La France a bradé ses champions économiques
Après la planification stratégique dans les années 1960, la place de l’Etat dans les grandes entreprises nationales ou européennes s’est peu à peu muée en actionnariat impuissant, explique l’économiste, dans une tribune au « Monde ».
Tribune.
La Chine et ses puissantes entreprises menaceraient, semble-t-il, de gouverner l’ensemble des secteurs industriels mondiaux. Afin d’affronter ces nouveaux géants, il est tentant de s’en remettre à la concentration industrielle afin de voir émerger des champions nationaux, voire européens.

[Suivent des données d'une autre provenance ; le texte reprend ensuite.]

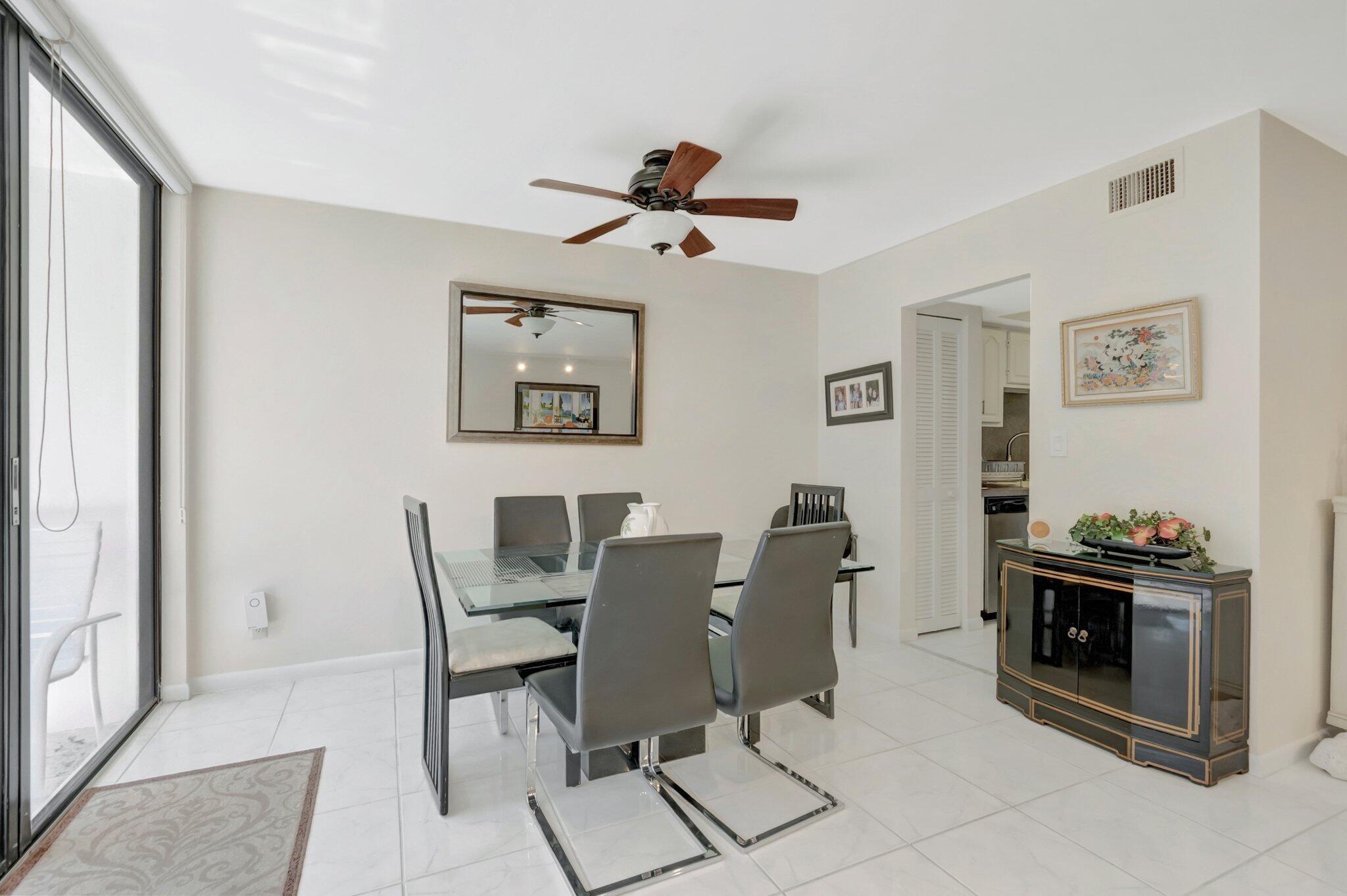 3705 Bridgewood, Boca Raton FL 33434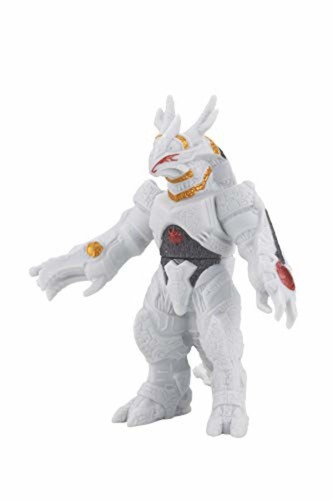 Bandai ultraman ultra monster - ultraman,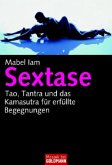 Sextase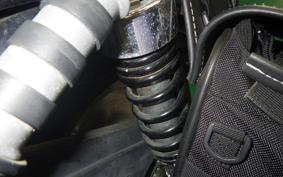HONDA MAGNA 250 2023 MC29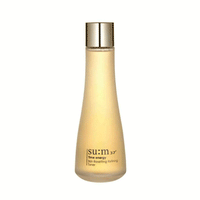 SUM37 Time energy Skin Resetting Refining Toner 170ml - DODOSKIN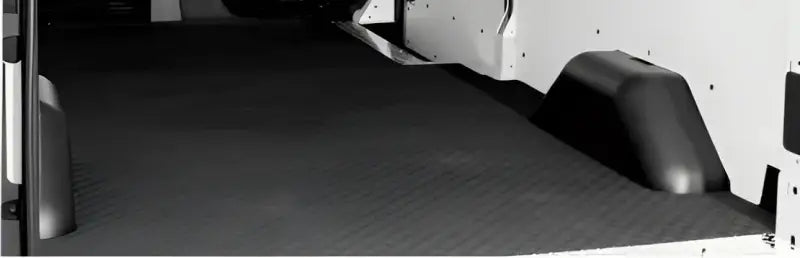 511-043-7621 Legend Fleet Automat-Bar Rubber Mat lfs5110437621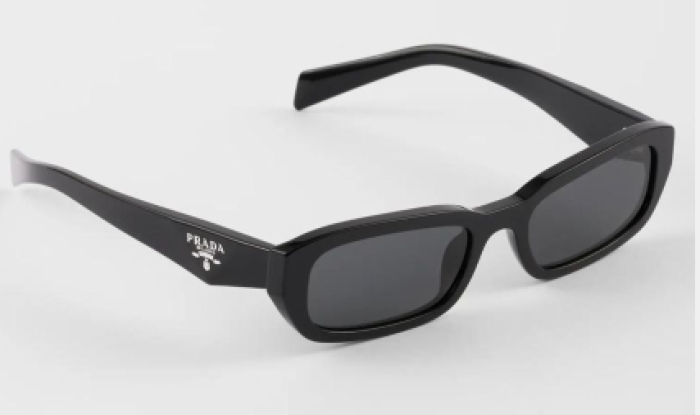 WIN GLASSES WG-05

Dans les industries à fortes économies d’échelle, obtenir une taille critique est une condition nécessaire pour augmenter les capacités d’investissement et relever les défis numériques et environnementaux : c’est l’argument invoqué pour les fusions récentes entre Alstom et Bombardier dans le rail, PSA-Opel puis PSA-FCA dans l’automobile, Safran et Zodiac Aerospace dans l’aéronautique, ou en cours entre Suez-Veolia dans l’eau et les déchets, TF1 et M6 dans les médias.
Les « champions nationaux » sont ainsi censés réaliser concrètement des politiques gouvernementales de développement de l’économie nationale et de protection de la souveraineté. Mais dans une économie mondialisée et dérégulée, des grands groupes autonomes peuvent-ils se muer en « champions nationaux » en l’absence de vision et de planification stratégique ?
Une politique de « champions nationaux » émerge au tournant des années 1960. Il s’agissait alors pour l’Etat de choisir des firmes, publiques ou privées, qui seraient capables de tirer l’industrie vers le haut. Airbus s’est ainsi progressivement constitué à coups de fusions, Renault a été de fait le champion national de l’automobile en tant qu’entreprise nationalisée, d’autres ont été créées de toutes pièces, comme dans l’aérospatiale autour du rôle coordinateur du Centre national d’études spatiales. Appuyées par un Etat dirigiste (mais non despotique) et des fonctionnaires formés dans les prestigieuses écoles d’ingénieurs capables de travailler avec le privé, ces entreprises réalisaient non seulement les objectifs économiques (emplois, commerce extérieur) de la France, mais aussi ses objectifs politiques et sociaux.
A partir des années 1980, la puissance publique abandonne progressivement ses champions, dont les destins vont diverger. Certains s’en tireront par le biais de la privatisation, comme Renault et plus tard Airbus, dans le but de se « banaliser » aux yeux des investisseurs privés. D’autres, comme le géant de l’électronique Thomson-CSF, seront démantelés pour être revendus en petits morceaux. Dans les deux cas, ces grands groupes s’émancipent de la politique étatique.
L’Etat actionnaire change de doctrine. Plutôt que de diriger le développement de la firme, il l’accompagne, c’est-à-dire valide la politique de l’entreprise. C’est un retournement complet de la relation entre l’Etat et ses « champions ». Compter l’Etat parmi les actionnaires n’est donc plus pour les salariés une garantie d’avoir au conseil d’administration un allié capable de s’opposer aux destructions d’emplois ou aux coupes dans les budgets de recherche et développement (R&D).